De grote hal werd door Christien voorzien van een cirkelvormige ‘afbakening’, waarin en waarbuiten haar ‘circuswezens’ hun rol speelden, en wij de bezoekers betraden, opgewonden als kinderen, het ‘circus’. Haar opvatting ‘vorm is inhoud’ werd duidelijk zichtbaar, woorden waren niet meer nodig. De voorstelling kan beginnen.

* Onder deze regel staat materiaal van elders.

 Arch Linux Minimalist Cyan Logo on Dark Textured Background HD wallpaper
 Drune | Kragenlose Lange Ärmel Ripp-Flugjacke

Christien toverde met haar ‘circus’ eenzelfde kinderlijke vreugde te voorschijn, als mensen krijgen bij het werk, vooral het vroege werk, van Alexander Calder, en met name, zijn circus, dat een paar jaar geleden in het Haags Gemeentemuseum (nu Kunstmuseum) geheten (what’s in a name), te zien was.

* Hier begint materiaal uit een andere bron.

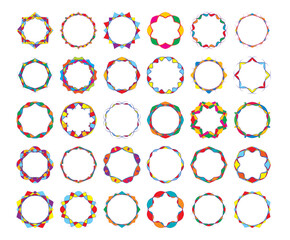 Abstract colored twisted round frames set bright festival design elements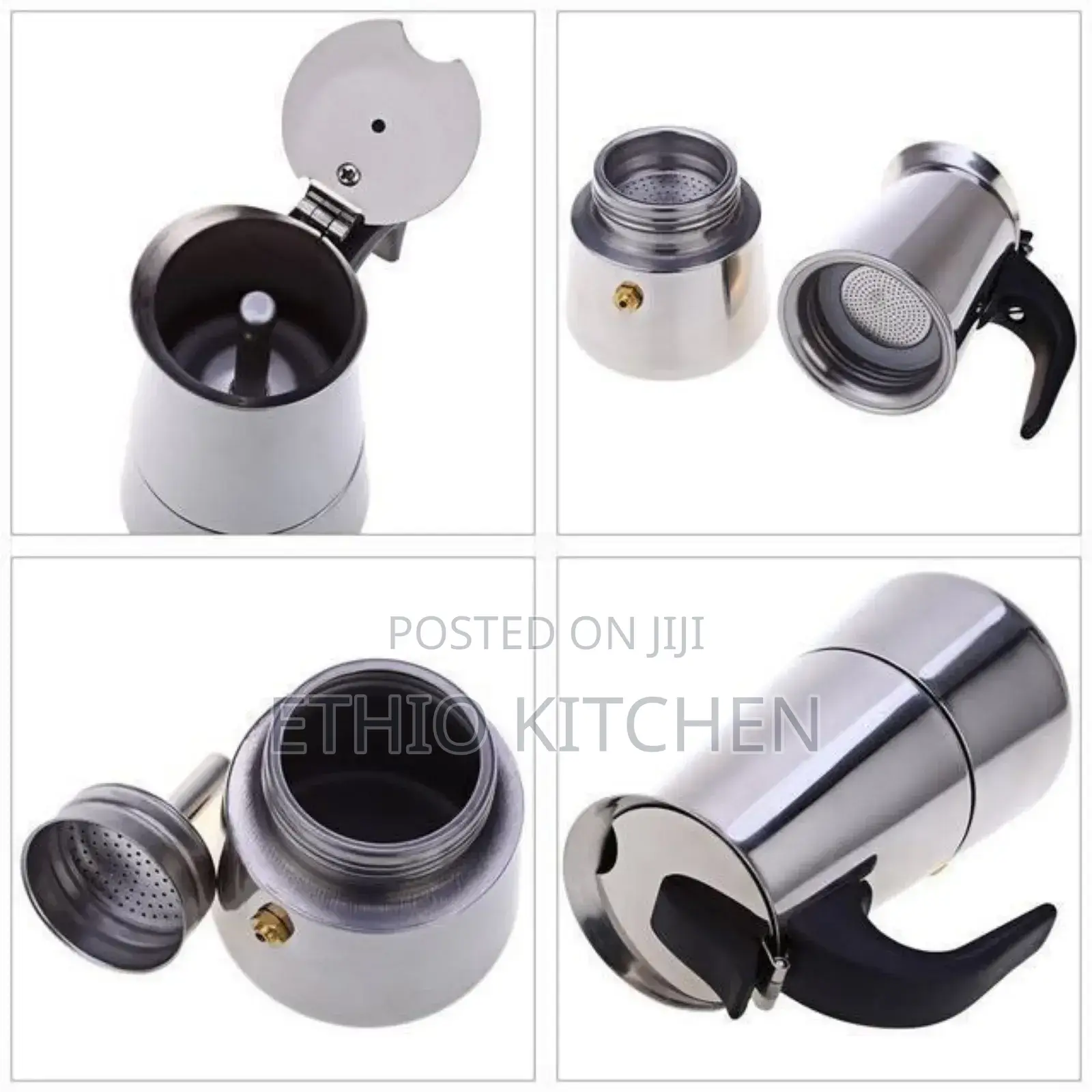 Italy Stainless Steel Espresso Maker 12 Cups ባለ 12 ኩባያ የኢስፕሬሶ ማሽን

In Galerie Ramakers in Den Haag en in Galerie Lutz in Delft zijn door de jaren heen gelukkig veel werken van Christien zichtbaar geweest. Beide galeristen hebben ingezien dat Christiens kunstwerken zéér de moeite waard zijn, en een belangrijke bijdrage leveren aan de betekenis van ‘de sculptuur’ in zijn algemeenheid. Haar sokkelbeeld ‘de hef’, haar bijdrage aan het bijzondere project ‘Het Sokkelbeeld’ van Peter Struycken, is komisch, en prachtig monumentaal. Een ronde vorm met navel, liggend op de sokkel, en twee benen in de lucht, draagt twee andere identieke vormen waarbij de middelste met haar voeten op die van de onderste staat, terwijl de bovenste met haar rug op de rug van de middelste ligt en haar benen omhoog steekt. Een perfect voorbeeld van ‘balans’ in een sculptuur, en een ‘vederlichte’ stapeling. Dit soort ‘stapelingen’ zie je ook dikwijls bij Carel Visser (1928-2015), de bekende, en belangrijke, Nederlandse beeldhouwer van de tweede helft van de twintigste eeuw, die tevens met een sculptuur in dit Sokkelproject vertegenwoordigd is. Bij Pearl Pearlmuter, die ook een sokkelbeeld heeft vervaardigd, zie je ook een ‘dragend’ aspect in haar sculptuur. Daar draagt een herder een pas geschoren schaap voor zich uit, maar dan in de letterlijke zin, en niet zozeer in de constructieve zin. Maar, beide typen ‘dragen’ doen boeiende uitspraken over de vele mogelijkheden van sculptuur. Thom Puckey laat in zijn sokkelbeeld een zittende vrouwelijke figuur op een open constructie plaatsnemen, waardoor eveneens een ‘stapeling’ ontstaat, en een verbinding met de sokkel. Ook bij mijn eigen sokkelbeeld is er sprake van een stapeling, een stapeling van open vormen. Velen van ons staan in de traditie van Constantin Brancusi, die de sokkel en de sculptuur zo onnavolgbaar knap in elkaars verlengde heeft gebracht. Tot eenheid heeft gebracht. Zo staan de kunstwerken van Christien in die traditie, die niet mis te verstaan is en die absolute schoonheid heeft opgeleverd.
Christien, op allerlei momenten in je carrière heb je steeds gezocht hoe je de traditie en het persoonlijke in je sculptuur kon verbinden, en je werk is daarvan op meesterlijke wijze uitdrukking geworden.
Bedankt Christien, voor al die prachtige beelden.